In the ‘human world’ section there is a fascinating topic called ‘cheating’ which looks at the mathematics behind detecting plagiarism, introducing techniques such as principal component analysis and stylometry. Stylometry is illustrated by comparing frequency analysis of words in both Shakespeare and Marlowe’s works. Later in the topic, we’re introduced to something that astounded me, Benford’s Law, which states that in a list of measurements in which the largest is at least 100 times bigger than the smallest (the size of the lakes in Michigan are used in the book), the first digit of the components of the list will be distributed according to the formula

\[\Pr(n) \sim \log\left(\frac{n+1}{n}\right) \]

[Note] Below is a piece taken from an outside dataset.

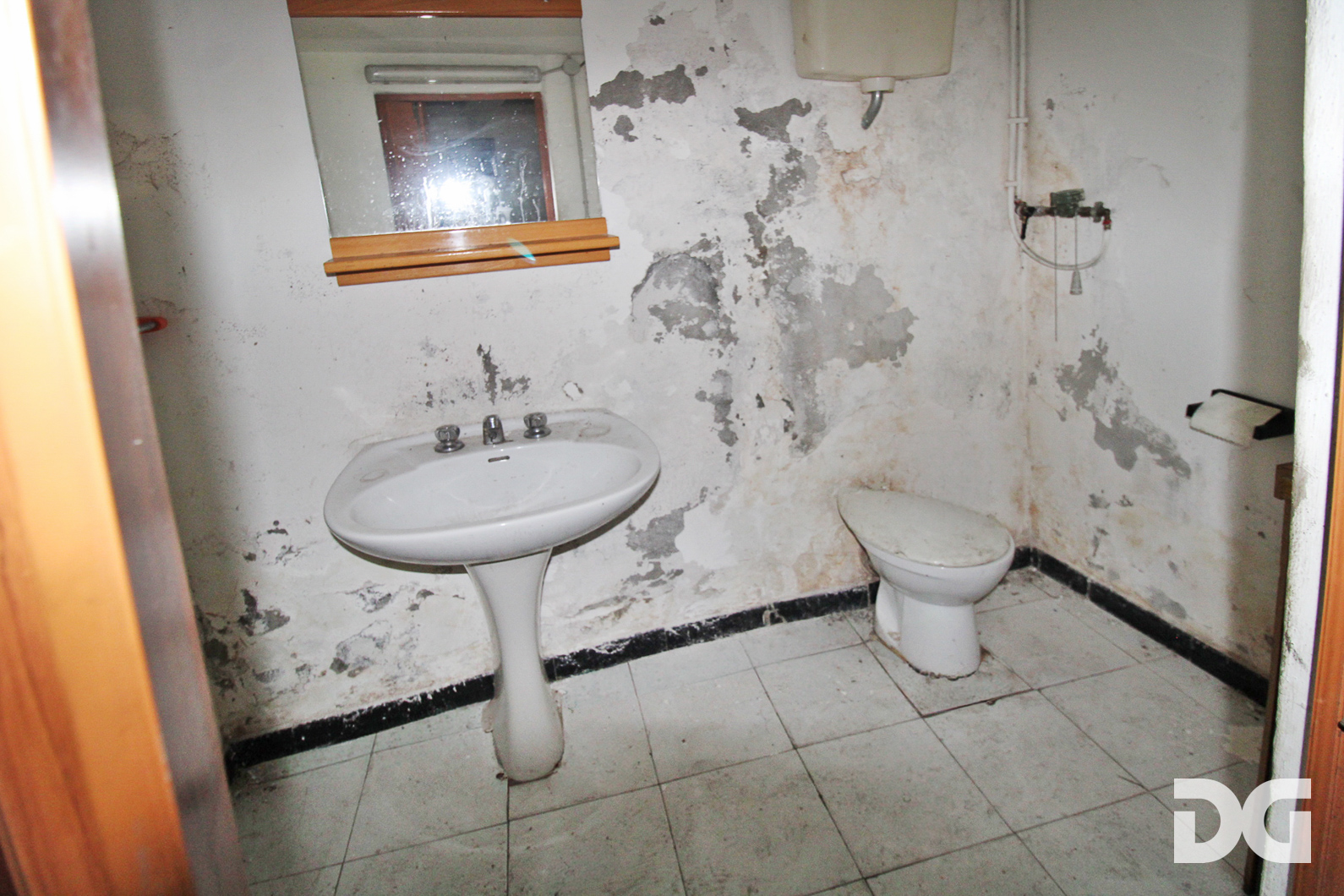 Immobiliare Del Guasta SAN TEODORO VIA VENEZIA – MAGAZZINO MQ 75 CON CORTILE CARRABILE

This leads one to expect approximately 30% of such a list to begin with a 1, and only approximately 5% with a 9, which is contrary to the even spread that one imagines. Benford’s law has been used in forensic analysis, and one can only imagine its utility in detecting fraud and in areas such as ‘big data’. This law, astonishingly, is independent of the unit of measurement used, and the insight in the book leads one to find out more.

Throughout this book the illustrations are clear and are used to explain a range of applications of mathematics. Despite not requiring the reader to be aware of, and still less understand, the mathematical concepts described, I am confident that even knowledgeable mathematicians will learn something, and those who teach, tutor or merely communicate mathematics will find it invaluable in answering the question ‘when would you ever use maths in everyday life?’